● What to work on: Each line from the one containing "Balboa Apartments - image 8" through the end of the entries below must be output exactly; no other line belongs.

↓↓↓

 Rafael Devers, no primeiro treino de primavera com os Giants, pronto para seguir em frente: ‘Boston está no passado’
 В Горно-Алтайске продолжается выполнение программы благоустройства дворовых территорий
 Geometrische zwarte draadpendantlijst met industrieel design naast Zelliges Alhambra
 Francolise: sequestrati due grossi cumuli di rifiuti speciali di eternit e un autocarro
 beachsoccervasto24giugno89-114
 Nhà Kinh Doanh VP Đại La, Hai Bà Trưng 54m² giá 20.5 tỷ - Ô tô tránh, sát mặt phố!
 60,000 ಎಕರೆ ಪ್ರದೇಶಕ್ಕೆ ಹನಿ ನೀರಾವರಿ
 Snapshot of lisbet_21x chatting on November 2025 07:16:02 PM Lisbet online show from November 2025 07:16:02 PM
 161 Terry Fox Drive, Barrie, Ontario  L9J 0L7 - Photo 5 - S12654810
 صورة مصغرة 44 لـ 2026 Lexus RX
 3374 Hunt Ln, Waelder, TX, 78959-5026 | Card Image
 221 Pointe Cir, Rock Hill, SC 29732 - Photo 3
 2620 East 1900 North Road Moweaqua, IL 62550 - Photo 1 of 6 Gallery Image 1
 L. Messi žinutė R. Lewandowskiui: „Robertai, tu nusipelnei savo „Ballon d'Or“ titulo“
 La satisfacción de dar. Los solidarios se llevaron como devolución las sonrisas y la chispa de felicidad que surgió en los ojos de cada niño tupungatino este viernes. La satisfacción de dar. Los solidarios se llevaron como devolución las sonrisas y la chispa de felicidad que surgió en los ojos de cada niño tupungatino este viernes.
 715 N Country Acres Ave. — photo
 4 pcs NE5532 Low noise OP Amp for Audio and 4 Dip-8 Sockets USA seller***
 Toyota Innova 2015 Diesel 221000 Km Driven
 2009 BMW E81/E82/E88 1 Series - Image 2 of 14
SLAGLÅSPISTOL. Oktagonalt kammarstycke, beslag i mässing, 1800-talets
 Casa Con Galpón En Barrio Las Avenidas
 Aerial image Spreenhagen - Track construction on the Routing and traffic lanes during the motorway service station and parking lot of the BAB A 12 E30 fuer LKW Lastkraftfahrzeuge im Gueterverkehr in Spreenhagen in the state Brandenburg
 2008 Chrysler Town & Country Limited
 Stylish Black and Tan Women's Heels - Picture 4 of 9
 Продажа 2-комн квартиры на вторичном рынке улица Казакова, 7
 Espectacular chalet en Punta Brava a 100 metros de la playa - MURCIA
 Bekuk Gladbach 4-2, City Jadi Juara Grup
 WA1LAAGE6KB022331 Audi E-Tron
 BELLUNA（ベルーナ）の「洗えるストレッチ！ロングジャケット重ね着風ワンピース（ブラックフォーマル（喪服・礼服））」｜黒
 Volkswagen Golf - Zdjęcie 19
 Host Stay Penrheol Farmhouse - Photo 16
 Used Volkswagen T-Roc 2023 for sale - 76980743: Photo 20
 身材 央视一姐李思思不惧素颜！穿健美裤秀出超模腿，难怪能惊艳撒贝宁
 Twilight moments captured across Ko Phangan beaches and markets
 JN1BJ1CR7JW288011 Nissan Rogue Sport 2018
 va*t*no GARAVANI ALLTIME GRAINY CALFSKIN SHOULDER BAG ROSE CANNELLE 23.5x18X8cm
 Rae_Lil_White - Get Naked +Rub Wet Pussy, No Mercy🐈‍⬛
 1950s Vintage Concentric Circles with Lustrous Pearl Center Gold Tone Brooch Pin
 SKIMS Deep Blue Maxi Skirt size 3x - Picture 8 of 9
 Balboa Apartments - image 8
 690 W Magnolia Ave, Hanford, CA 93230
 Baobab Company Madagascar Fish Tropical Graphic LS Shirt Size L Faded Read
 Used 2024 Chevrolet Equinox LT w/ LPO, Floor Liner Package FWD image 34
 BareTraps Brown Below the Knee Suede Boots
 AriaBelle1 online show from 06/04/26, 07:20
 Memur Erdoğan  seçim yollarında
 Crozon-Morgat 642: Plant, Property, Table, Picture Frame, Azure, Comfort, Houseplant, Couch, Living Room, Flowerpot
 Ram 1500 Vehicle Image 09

↑↑↑

● Answer area:
 Balboa Apartments - image 8
 690 W Magnolia Ave, Hanford, CA 93230
 Baobab Company Madagascar Fish Tropical Graphic LS Shirt Size L Faded Read
 Used 2024 Chevrolet Equinox LT w/ LPO, Floor Liner Package FWD image 34
 BareTraps Brown Below the Knee Suede Boots
 AriaBelle1 online show from 06/04/26, 07:20
 Memur Erdoğan  seçim yollarında
 Crozon-Morgat 642: Plant, Property, Table, Picture Frame, Azure, Comfort, Houseplant, Couch, Living Room, Flowerpot
 Ram 1500 Vehicle Image 09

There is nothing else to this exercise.